Background PD is a progressive neurodegenerative disorder characterized by both motor and nonmotor symptoms, with family caregivers playing an integral part of PD patient care. The substantial demands of caregiving, coupled with the long course of PD, place caregivers at significant risk of strain. Several clinical variables in PD patients have been shown to influence caregiver burden, such as depression and daytime sleepiness.

Design/Methods This study was a longitudinal analysis of clinic data in which patients (N = 434) completed measures on depressive symptoms and sleep, while their family caregivers completed a measure on caregiver burden. Caregivers’ burden scores were modeled as a function of cumulative time between visits, independent main effects of PD patient depression and sleep scores, and their interactions with time using SAS statistical software.

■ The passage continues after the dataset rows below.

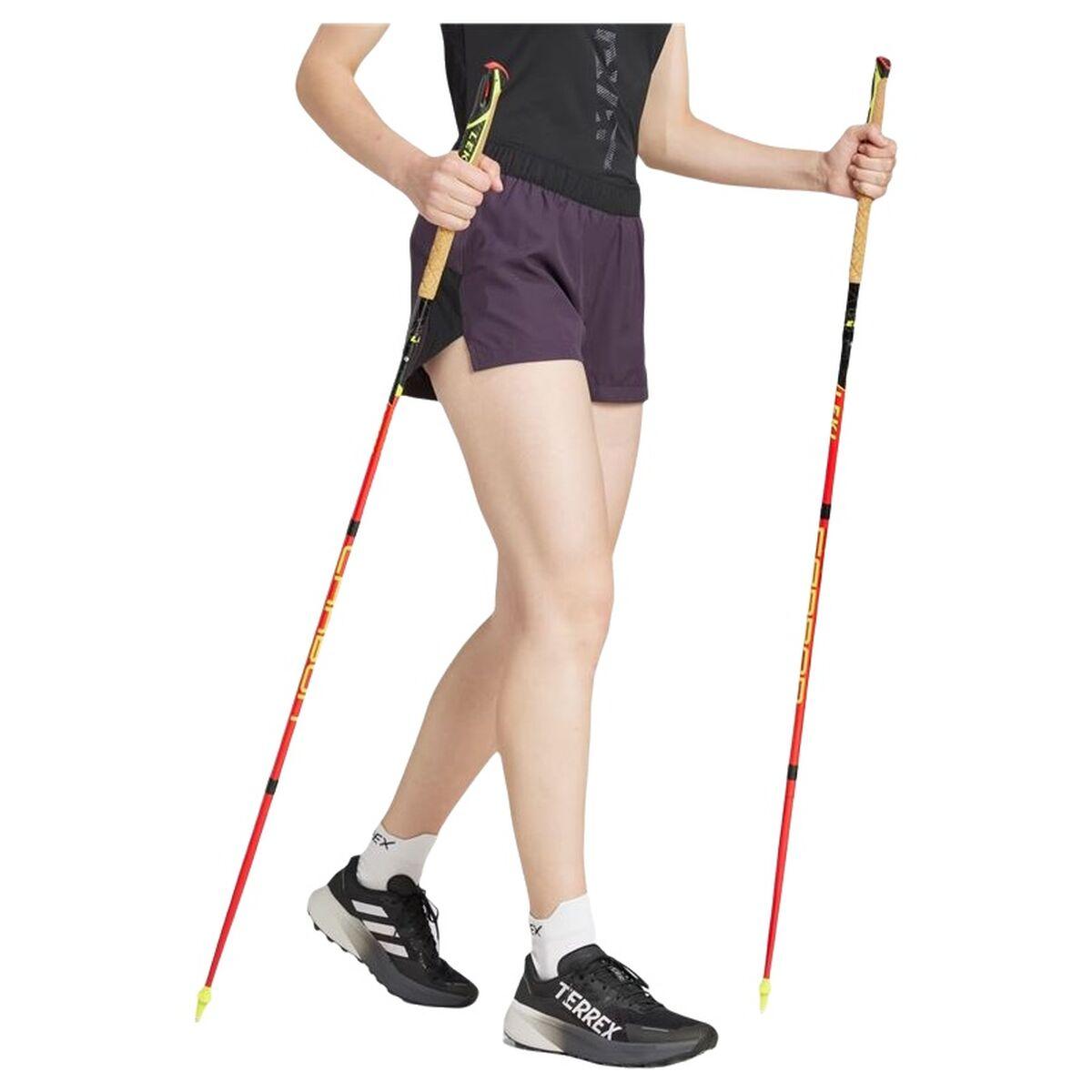 Adidas Terrex Multi Trail løbeshorts dame - Blå/Rødbrun (S)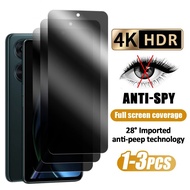 3Pcs Anti-Spy Privacy Tempered Glass OPPO A18 A38 A98 A78 A57 A58 A16K A17 A17K A16 A94 A15 A15S A35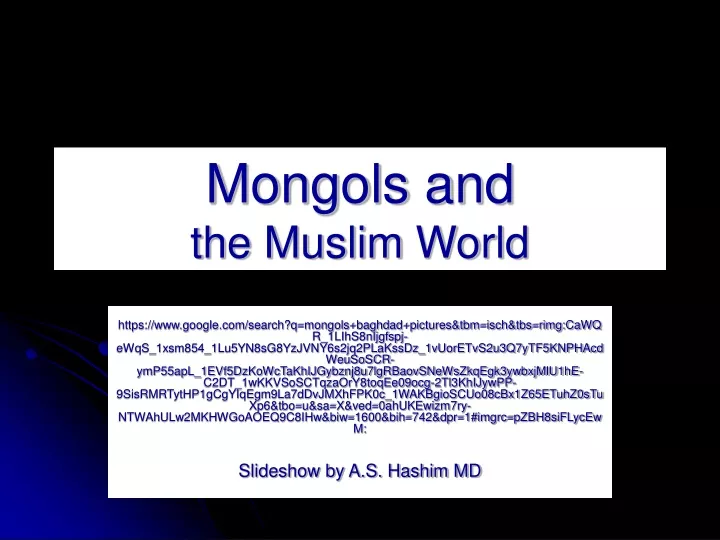 mongols and the muslim world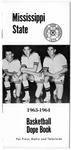 Mississippi State University 1963-1964 Basketball Dope Book by Mississippi State University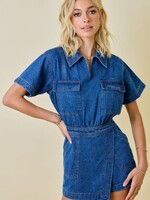 Cute Denim Romper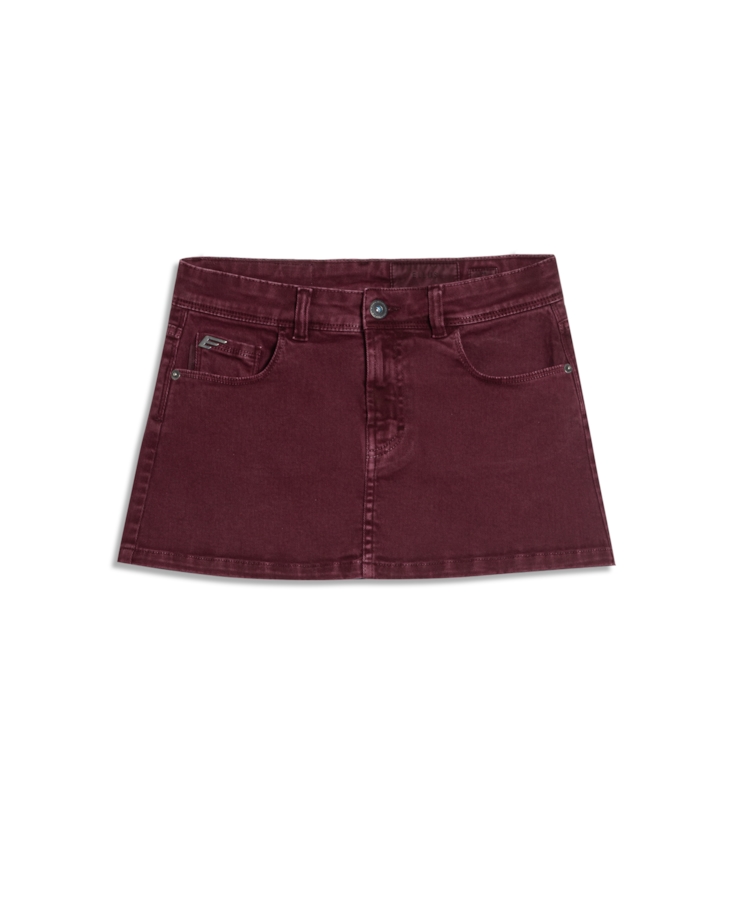 Saia Vintage Denim Color Bordeaux
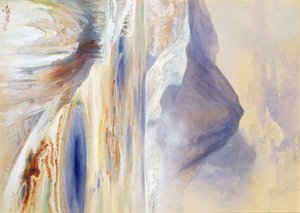 マンモス ホット スプリングス、イエローストーン、1872 年。 作： Thomas Moran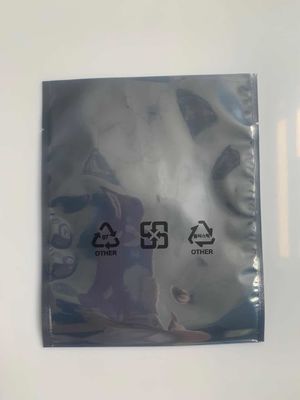 Silver Semi Transparent ESD Anti Static Bags 30x36 Inch For Electronic Packing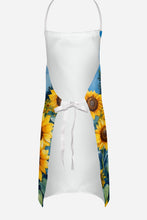 Load image into Gallery viewer, French Bulldog in Sunflowers Apron – Artist-Designed Kitchen, BBQ &amp; Craft Apron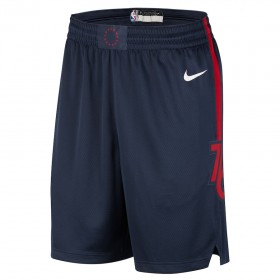 Hombre NBA Philadelphia 76ers Pantalones 2023-24 Nike City Edition Navy Swingman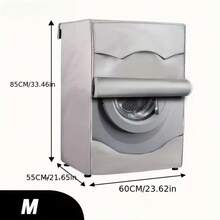 1pc Washing Machine/Dryer Cover, 420D Oxford Cloth Material, UV & Dust Protection, Adjustable Drawstring, Universal Fit,Women's Day,Travel Essentials,Wedding Favours,Y2k,Bedroom,Car Accessories Women,Kitchen Decor,Wedding,Y2k,Party - Multicolor - View 8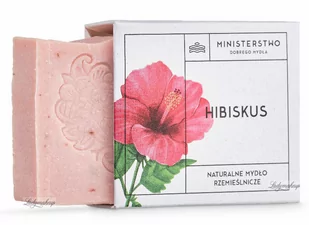 MINISTERSTWO DOBREGO MYDŁA - Naturalne mydło rzemieślnicze - Hibiskus - 100 g - Mydła - miniaturka - grafika 1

Results Across all models of patient depression, we found that caregiver burden increased across time. In the model of patient daytime sleepiness, caregivers reported greater burden when patients had increased sleepiness scores. In the combined main effects model including both depressive symptoms and daytime sleepiness, depressive symptoms remained significant predictors of caregiver burden.

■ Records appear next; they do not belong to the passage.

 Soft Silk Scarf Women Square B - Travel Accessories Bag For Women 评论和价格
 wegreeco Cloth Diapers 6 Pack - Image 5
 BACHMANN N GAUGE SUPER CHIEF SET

Conclusions Patient depressive symptoms were the most consistent predictor of caregiver burden, highlighting the central role of depression in shaping caregiver well-being. The consequences of depression in PD include greater functional disability, increased mortality, poorer quality of life, and heightened caregiver strain. Covariates such as older patient age at baseline predicted greater caregiver burden, whereas female sex of the patient, shorter disease duration, and dopamine agonist use were associated with lower burden. Our findings support the recommendation for routine caregiver evaluations during patient visits, as these may facilitate timely interventions that benefit both patient and caregiver.

Authors/Disclosures
Sarah J. Holden, MD PRESENTER	Ms. Holden has nothing to disclose.
Joseph F. Quinn, MD, FAAN (OHSU Neurology)	Dr. Quinn has received personal compensation in the range of $500-$4,999 for serving on a Scientific Advisory or Data Safety Monitoring board for Retrophin. Dr. Quinn has received personal compensation in the range of $500-$4,999 for serving as a DSMB with Alzheimer's Disease Cooperative Study. Dr. Quinn has received personal compensation in the range of $500-$4,999 for serving as a DSMB with Alzheimer's Therapeutic Research Institute. Dr. Quinn has a non-compensated relationship as a consultant with Cognition Therapeutics that is relevant to AAN interests or activities.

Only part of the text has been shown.